(Short descriptive text snippets)
-*-*-

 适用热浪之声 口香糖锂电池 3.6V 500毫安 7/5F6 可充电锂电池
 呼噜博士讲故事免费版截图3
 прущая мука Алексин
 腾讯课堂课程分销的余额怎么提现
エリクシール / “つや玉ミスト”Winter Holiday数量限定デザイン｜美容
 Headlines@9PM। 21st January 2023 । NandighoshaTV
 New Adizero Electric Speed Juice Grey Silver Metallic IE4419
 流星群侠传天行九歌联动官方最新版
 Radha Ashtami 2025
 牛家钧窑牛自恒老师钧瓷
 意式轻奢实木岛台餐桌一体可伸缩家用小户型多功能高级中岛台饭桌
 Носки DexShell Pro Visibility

-*-*-

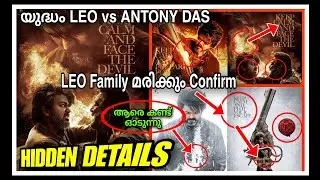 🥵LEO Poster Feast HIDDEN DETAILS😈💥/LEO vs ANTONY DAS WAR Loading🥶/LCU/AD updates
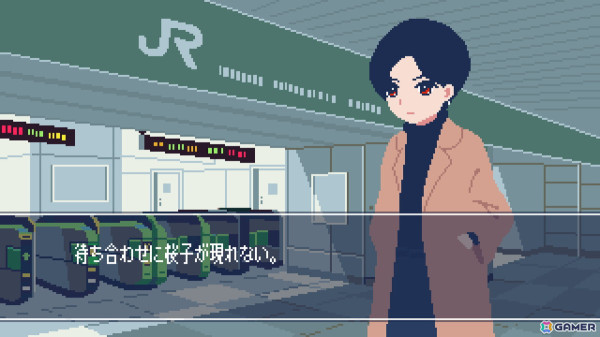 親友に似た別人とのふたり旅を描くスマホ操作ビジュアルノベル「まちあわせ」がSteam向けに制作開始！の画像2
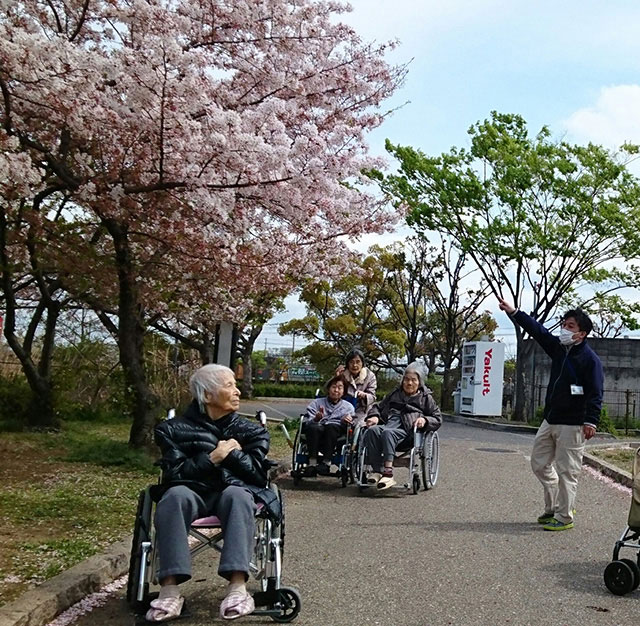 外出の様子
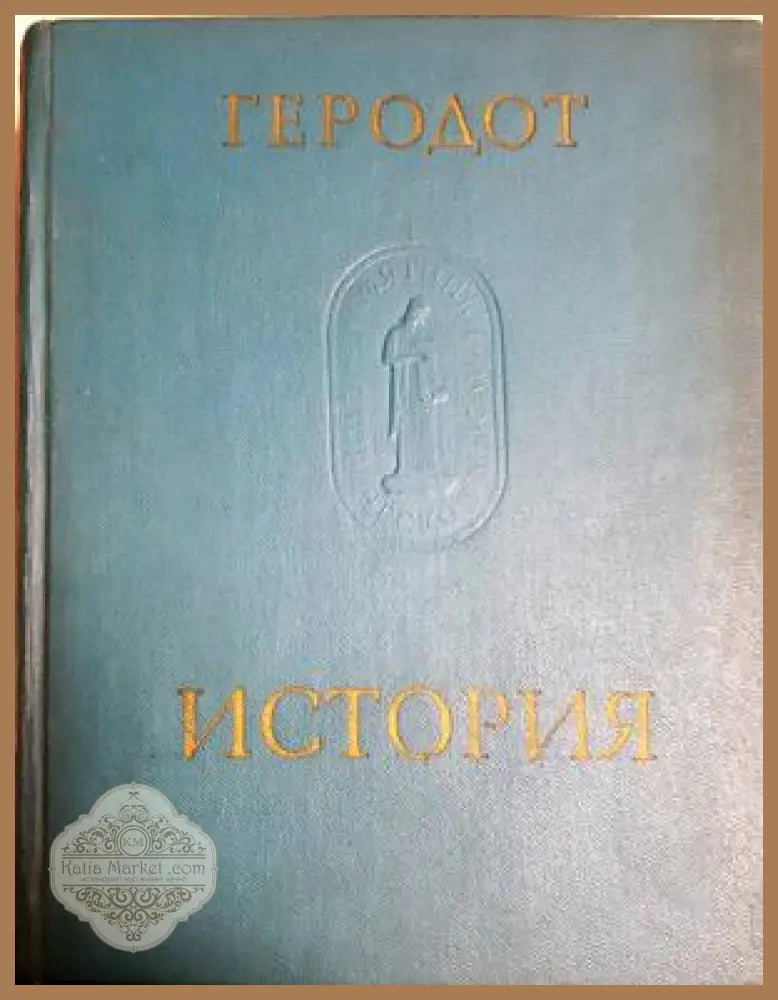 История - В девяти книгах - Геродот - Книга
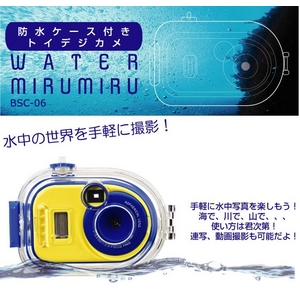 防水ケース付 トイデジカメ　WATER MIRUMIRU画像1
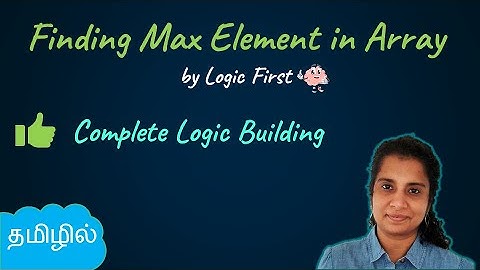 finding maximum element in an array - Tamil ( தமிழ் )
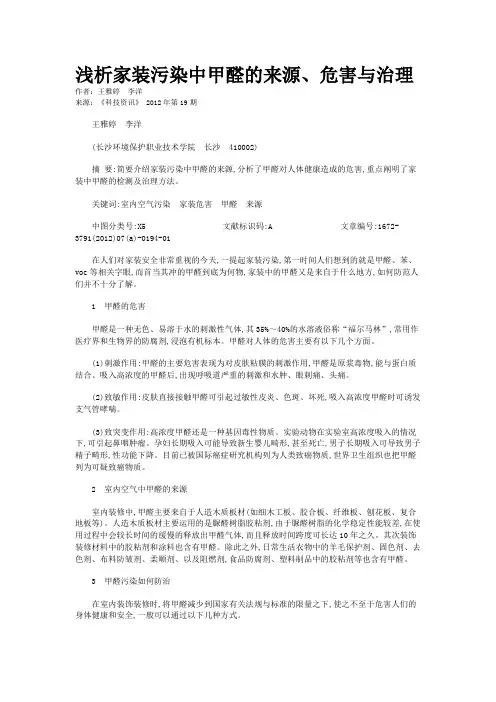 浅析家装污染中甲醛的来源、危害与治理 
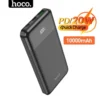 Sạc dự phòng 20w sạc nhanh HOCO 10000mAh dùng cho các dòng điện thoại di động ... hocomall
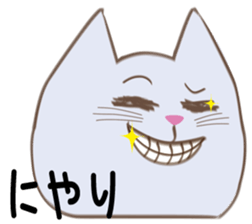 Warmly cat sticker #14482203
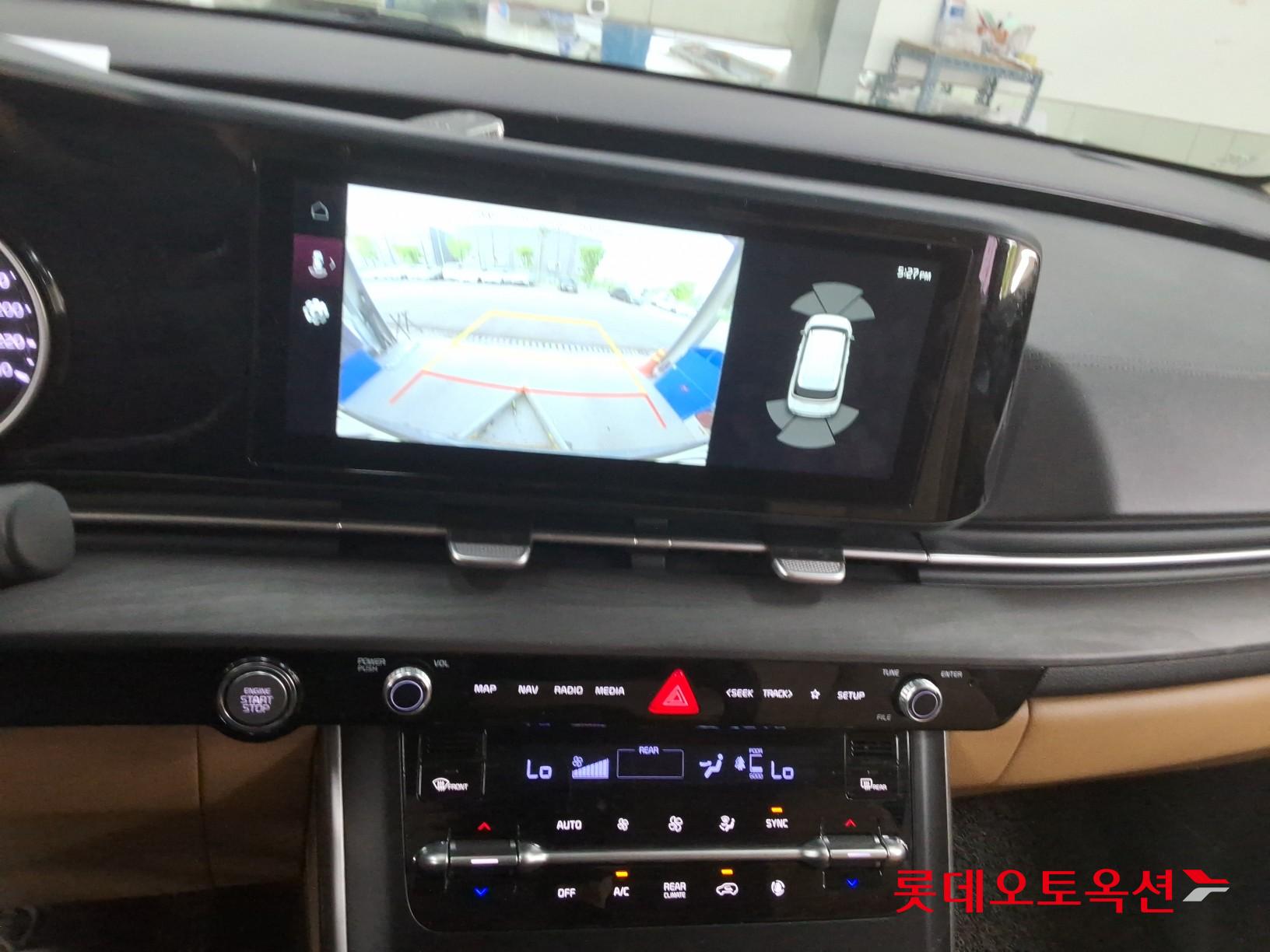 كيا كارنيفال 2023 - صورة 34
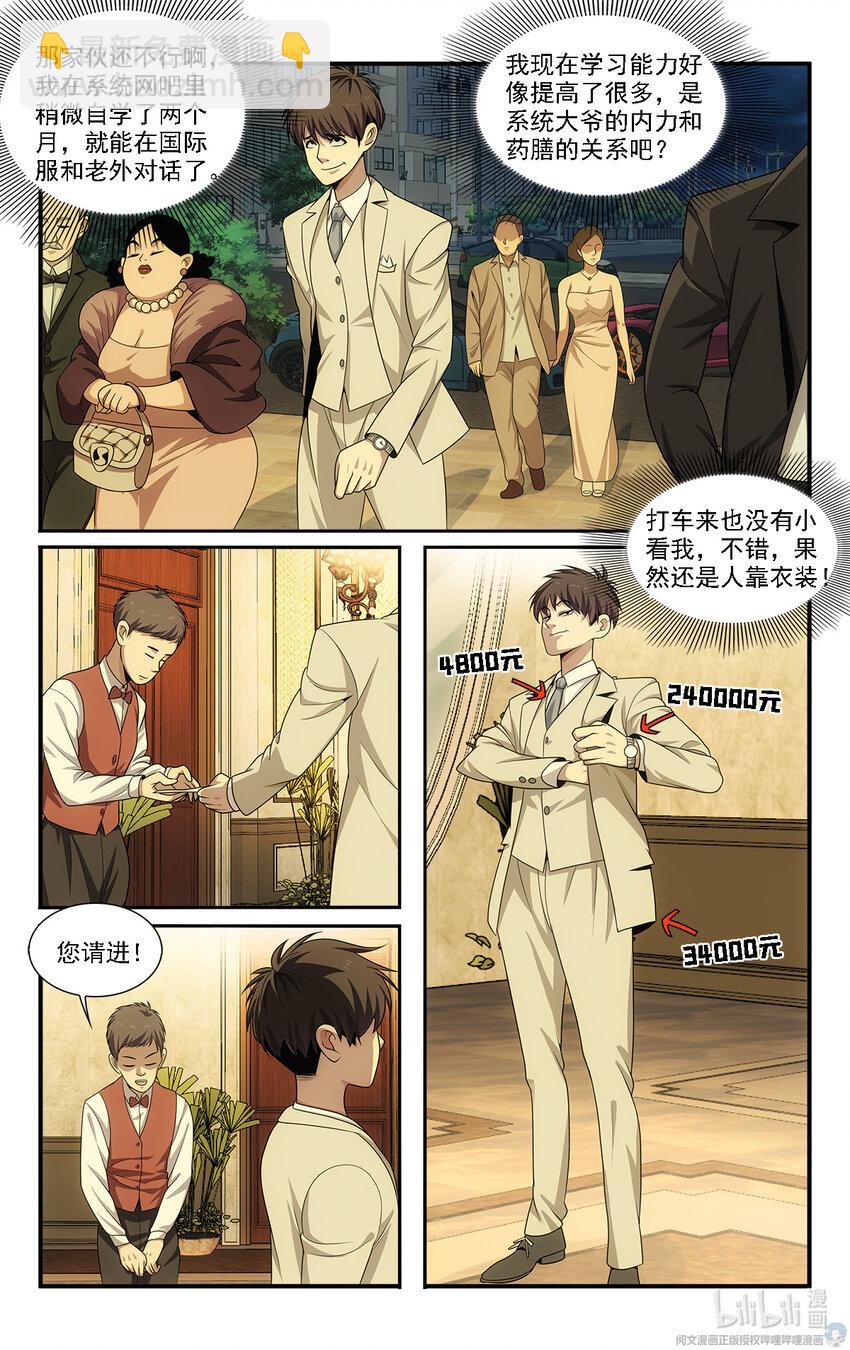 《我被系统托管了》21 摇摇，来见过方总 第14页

-*-*-

**Directions**: What do the lines above say from the one containing "New Adizero Electric" down to the one containing "Носки DexShell Pro Visibility"? Return them exactly, both end lines included, and only them.

**Output below**:
 New Adizero Electric Speed Juice Grey Silver Metallic IE4419
 流星群侠传天行九歌联动官方最新版
 Radha Ashtami 2025
 牛家钧窑牛自恒老师钧瓷
 意式轻奢实木岛台餐桌一体可伸缩家用小户型多功能高级中岛台饭桌
 Носки DexShell Pro Visibility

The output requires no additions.